HACKER Q&A
📣 asim-shrestha

Would an easier way to scrape 100s of websites be useful to you?


In the process of building AI agents, we've found that what we built could eventually be good at dynamically scraping data across a variety of websites (10s to 100s of different sites at a time)

Our understanding is that existing web scraping tools are bad at this because you need to write custom scraping configurations per site. Not only that, but when a site changes styling, it might completely break your automation. With agents however, you can provide a high level natural language overview of the data you'd like from a website or class of websites, and the agent system will deal with the details of traversing a page and fetching data automatically.

We’re curious how useful this might be for people. If you’ve experienced issues that this might solve or have already explored the space, I'd love to hear from you!


  👤 PaulHoule Accepted Answer ✓
My take is that the "idea people" usually underestimate how easy it is make user interfaces and overestimate the difficulty of scraping, API "integrations", etc. (It's what makes Zapier such a successful racket)

👤 shopvaccer
What kind of websites? You mean like social media sites that are obfuscated to prevent scraping? I suppose, it would have to be quite reliable.

I don't know how relevant this is, but I was thinking that you could probably use some sort of AI to enhance OCR and convert written documents into some sort of semantic form like HTML or Latex. That would allow you to use books to scrape information, and written books still have a lot of untapped knowledge.

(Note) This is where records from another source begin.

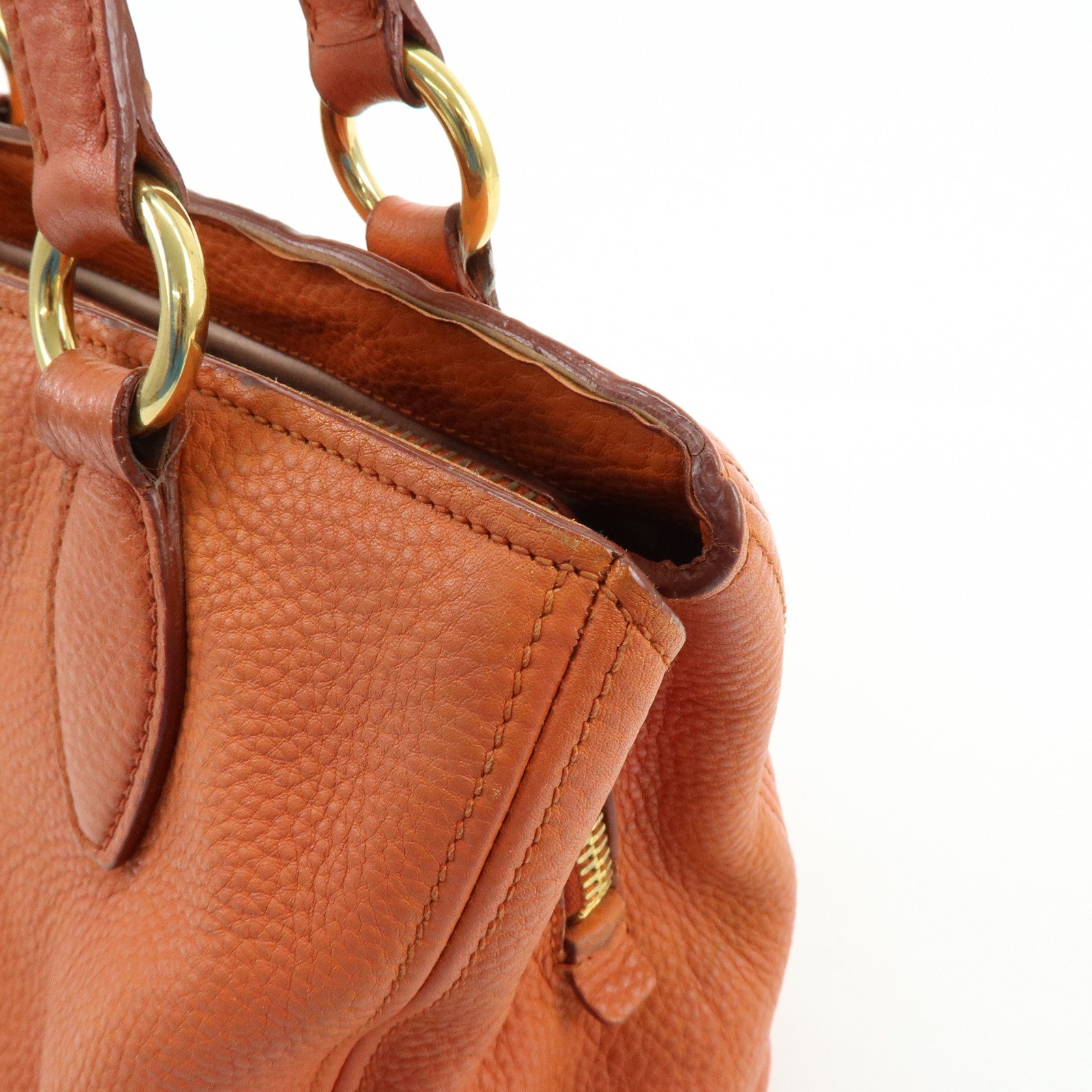 MIU MIU Logo Leather Hand Bag Tote Bag Orange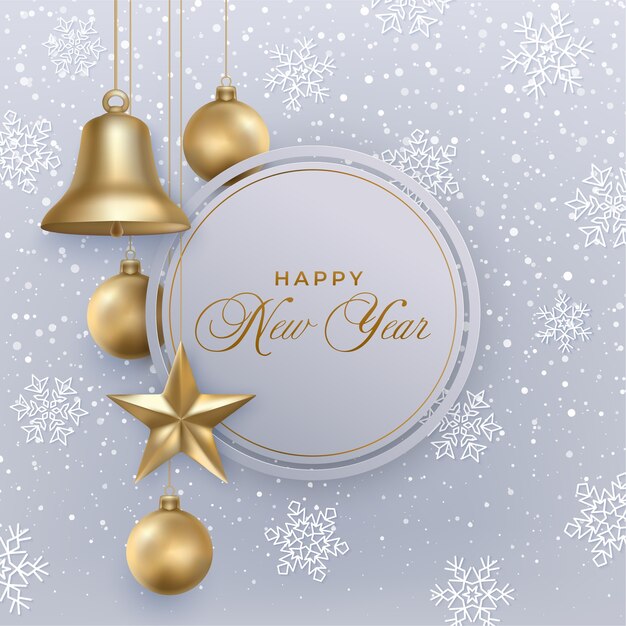 Tarjeta de felicitación de feliz año nuevo con campana, estrella, bolas. Adornos navideños dorados, nieve, copos de nieve.
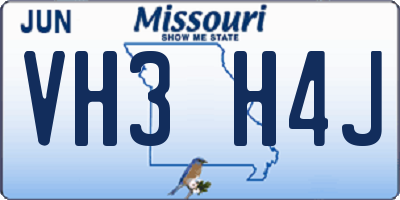 MO license plate VH3H4J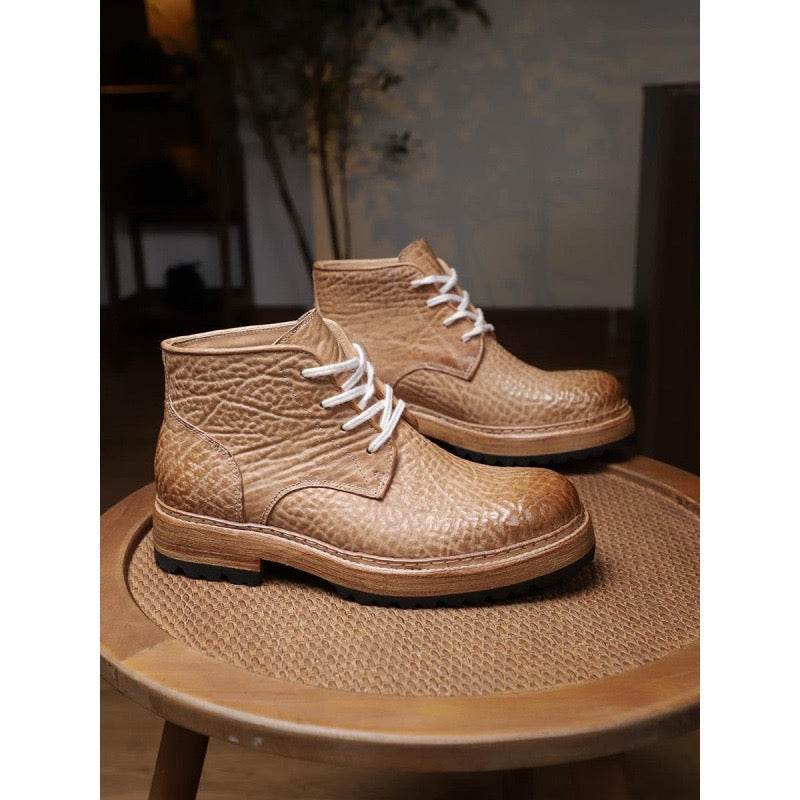 Genine Cordovan Leather Round-Toe Work Boots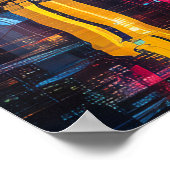 Futuristic Vibrant Neon Night Cityscape Poster (Hoek)
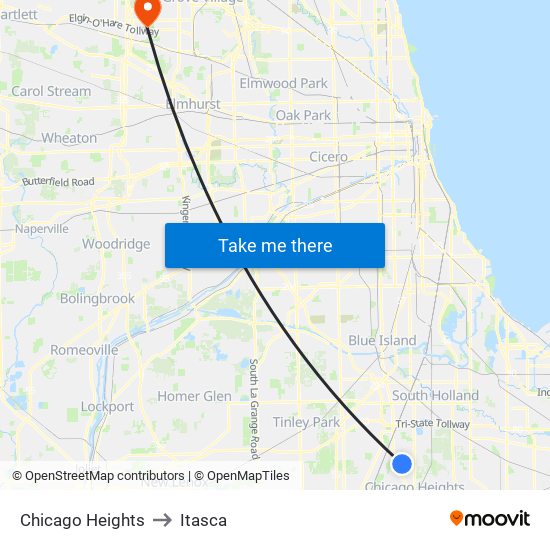 Chicago Heights to Itasca map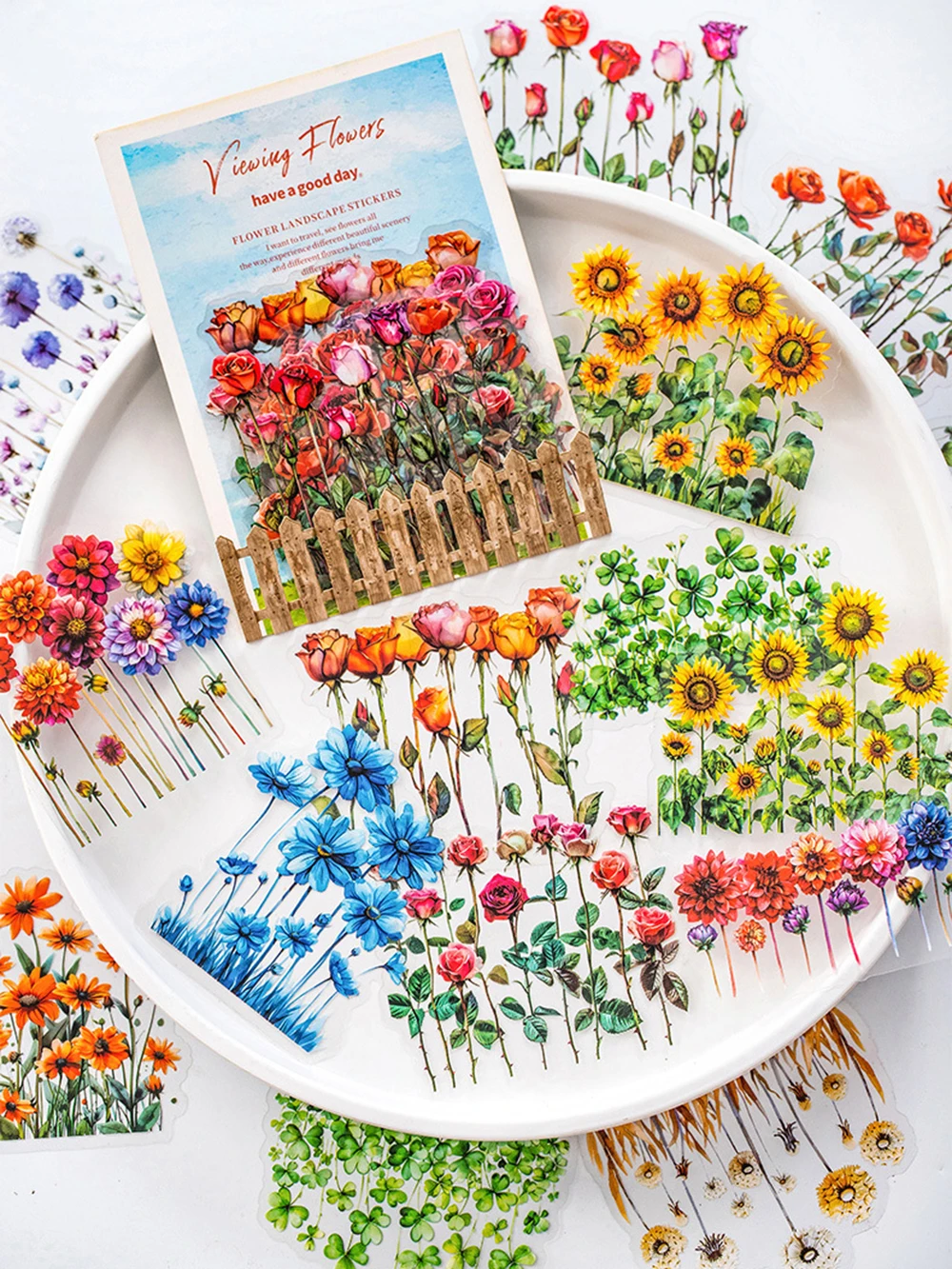 

20Pcs/Pack Creativity Floral PET Sticker Handbook Decorations DIY Landscaping Materials Stationery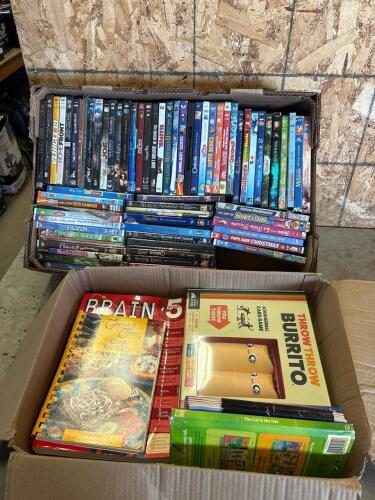 Assorted dvds and books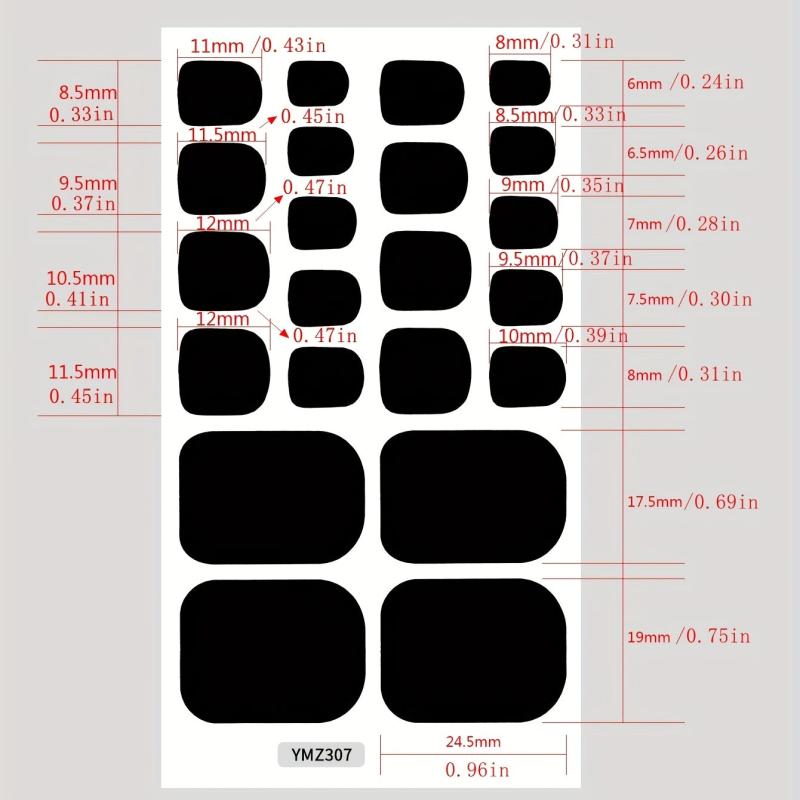 Waterproof Toenail Stickers Full Wraps Solid Toenail Polish Strips for Women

It seems like the demand for web scraping and such is to create datasets for ML training. And now you are using AI for scraping. So it is sort of a self-improving cycle


👤 DamonHD
Scraping hundreds of site seems mostly unethical.

My sites are periodically on the wrong end of scrapers, greedy by design or in error, occasionally needing to be manually blocked or even legals threatened.

Just because something can be done, done't mean it should. It also doesn't mean that you should make it easier. Any more than offering 'better' SPAM engines...


👤 LinuxBender
Would an easier way to scrape 100s of websites be useful to you?

Not to me but I would be curious if you found a way to mimic a real human browsing a site aside from Chrome Headless. Do your TCP packets and HTTPS requests look indistinguishable from real people?